» **What is expected**
Repeat the lines below exactly as they appear, but leave out the images.

» **Given material**

══════

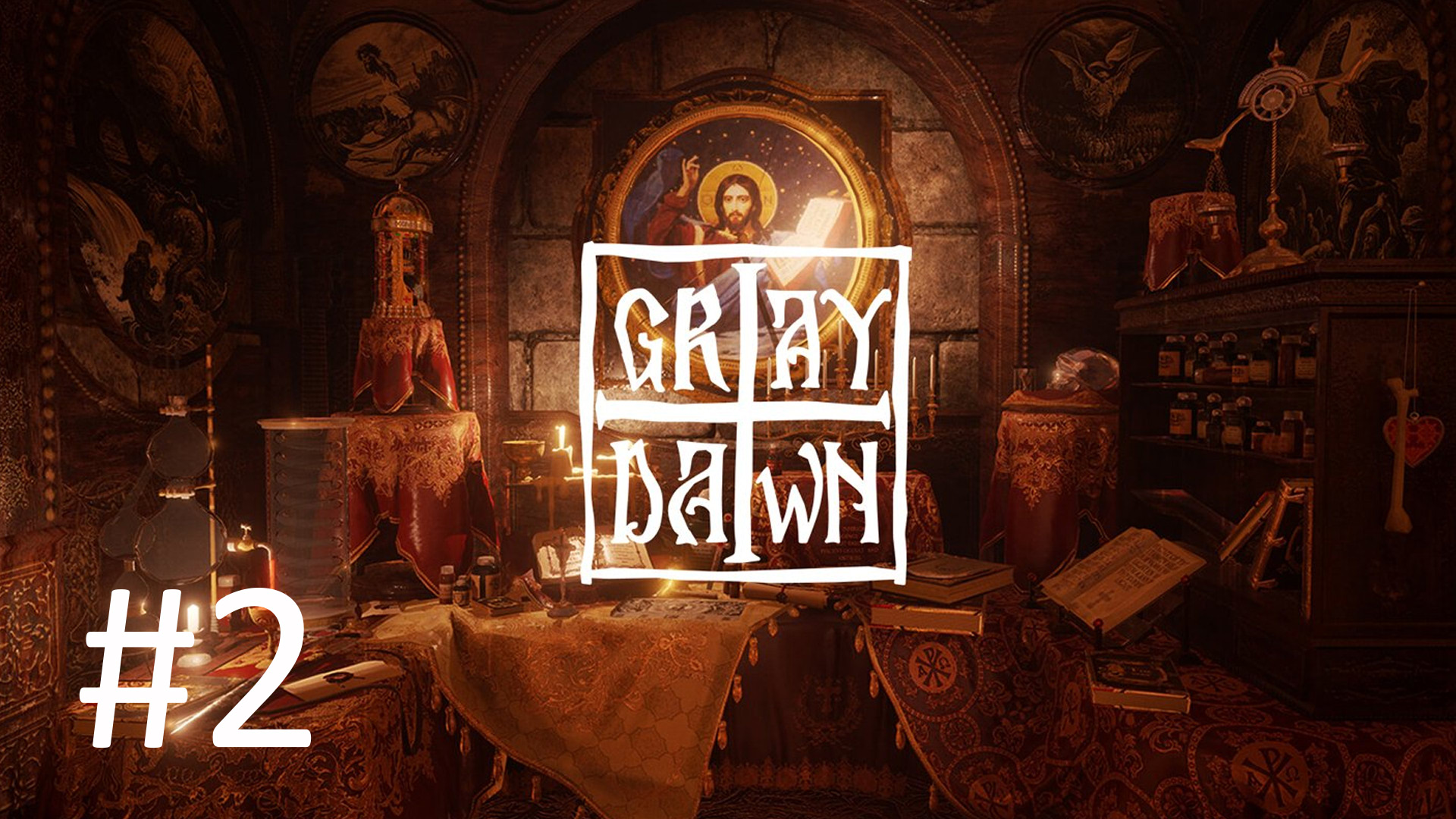 Прохождение Gray Dawn - Часть 2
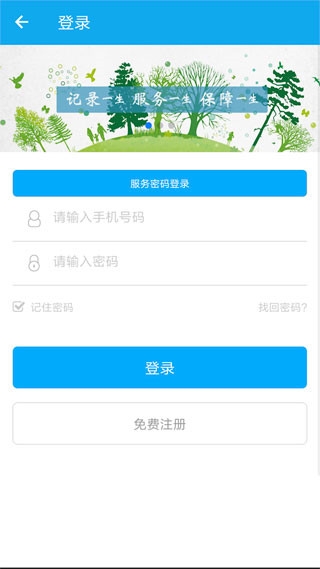 咸阳人社图片4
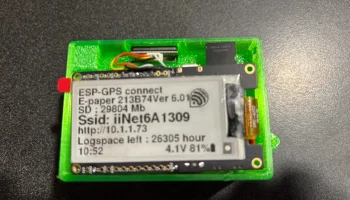 Встроенное крепление на стреле для самодельного GPS-навиг.. 7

══════

» **Reply to the exercise**
 Прохождение Gray Dawn - Часть 2
 咸阳人社图片4
 Встроенное крепление на стреле для самодельного GPS-навиг.. 7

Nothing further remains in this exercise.